:: GIVEN ENTRIES ::

........

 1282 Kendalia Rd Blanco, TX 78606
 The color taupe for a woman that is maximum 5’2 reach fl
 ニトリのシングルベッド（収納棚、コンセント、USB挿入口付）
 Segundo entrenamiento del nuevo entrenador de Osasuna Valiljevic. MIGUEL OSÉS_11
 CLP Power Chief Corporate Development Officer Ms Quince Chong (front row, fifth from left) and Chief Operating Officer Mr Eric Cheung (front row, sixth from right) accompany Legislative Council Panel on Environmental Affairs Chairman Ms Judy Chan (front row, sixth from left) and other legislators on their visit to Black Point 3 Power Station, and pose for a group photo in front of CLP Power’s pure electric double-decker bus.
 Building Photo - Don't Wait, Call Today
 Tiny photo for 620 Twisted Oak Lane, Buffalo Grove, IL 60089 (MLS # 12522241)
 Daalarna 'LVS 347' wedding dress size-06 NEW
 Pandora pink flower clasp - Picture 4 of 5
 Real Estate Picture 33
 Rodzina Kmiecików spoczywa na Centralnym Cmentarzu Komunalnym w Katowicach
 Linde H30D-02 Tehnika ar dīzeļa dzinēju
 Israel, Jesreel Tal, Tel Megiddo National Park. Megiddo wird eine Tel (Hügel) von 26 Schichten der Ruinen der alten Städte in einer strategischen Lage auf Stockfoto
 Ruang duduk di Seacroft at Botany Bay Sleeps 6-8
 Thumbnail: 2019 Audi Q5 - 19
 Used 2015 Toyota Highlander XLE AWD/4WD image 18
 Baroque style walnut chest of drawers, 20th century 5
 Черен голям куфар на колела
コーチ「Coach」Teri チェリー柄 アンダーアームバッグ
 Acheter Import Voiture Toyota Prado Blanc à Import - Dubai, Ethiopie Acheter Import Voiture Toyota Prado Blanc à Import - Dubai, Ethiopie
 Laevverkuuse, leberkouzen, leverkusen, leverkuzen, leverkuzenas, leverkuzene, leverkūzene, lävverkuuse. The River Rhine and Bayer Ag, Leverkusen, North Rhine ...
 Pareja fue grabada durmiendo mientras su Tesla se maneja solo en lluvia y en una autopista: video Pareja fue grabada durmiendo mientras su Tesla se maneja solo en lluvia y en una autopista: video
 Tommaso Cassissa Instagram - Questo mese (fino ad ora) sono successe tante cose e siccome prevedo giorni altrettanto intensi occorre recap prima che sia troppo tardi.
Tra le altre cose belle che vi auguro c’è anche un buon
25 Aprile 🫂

........

:: REQUIREMENT ::
Please retype the entries above in full, exactly as they stand.

:: THE ANSWER ::
 1282 Kendalia Rd Blanco, TX 78606
 The color taupe for a woman that is maximum 5’2 reach fl
 ニトリのシングルベッド（収納棚、コンセント、USB挿入口付）
 Segundo entrenamiento del nuevo entrenador de Osasuna Valiljevic. MIGUEL OSÉS_11
 CLP Power Chief Corporate Development Officer Ms Quince Chong (front row, fifth from left) and Chief Operating Officer Mr Eric Cheung (front row, sixth from right) accompany Legislative Council Panel on Environmental Affairs Chairman Ms Judy Chan (front row, sixth from left) and other legislators on their visit to Black Point 3 Power Station, and pose for a group photo in front of CLP Power’s pure electric double-decker bus.
 Building Photo - Don't Wait, Call Today
 Tiny photo for 620 Twisted Oak Lane, Buffalo Grove, IL 60089 (MLS # 12522241)
 Daalarna 'LVS 347' wedding dress size-06 NEW
 Pandora pink flower clasp - Picture 4 of 5
 Real Estate Picture 33
 Rodzina Kmiecików spoczywa na Centralnym Cmentarzu Komunalnym w Katowicach
 Linde H30D-02 Tehnika ar dīzeļa dzinēju
 Israel, Jesreel Tal, Tel Megiddo National Park. Megiddo wird eine Tel (Hügel) von 26 Schichten der Ruinen der alten Städte in einer strategischen Lage auf Stockfoto
 Ruang duduk di Seacroft at Botany Bay Sleeps 6-8
 Thumbnail: 2019 Audi Q5 - 19
 Used 2015 Toyota Highlander XLE AWD/4WD image 18
 Baroque style walnut chest of drawers, 20th century 5
 Черен голям куфар на колела
コーチ「Coach」Teri チェリー柄 アンダーアームバッグ
 Acheter Import Voiture Toyota Prado Blanc à Import - Dubai, Ethiopie Acheter Import Voiture Toyota Prado Blanc à Import - Dubai, Ethiopie
 Laevverkuuse, leberkouzen, leverkusen, leverkuzen, leverkuzenas, leverkuzene, leverkūzene, lävverkuuse. The River Rhine and Bayer Ag, Leverkusen, North Rhine ...
 Pareja fue grabada durmiendo mientras su Tesla se maneja solo en lluvia y en una autopista: video Pareja fue grabada durmiendo mientras su Tesla se maneja solo en lluvia y en una autopista: video
 Tommaso Cassissa Instagram - Questo mese (fino ad ora) sono successe tante cose e siccome prevedo giorni altrettanto intensi occorre recap prima che sia troppo tardi.
Tra le altre cose belle che vi auguro c’è anche un buon
25 Aprile 🫂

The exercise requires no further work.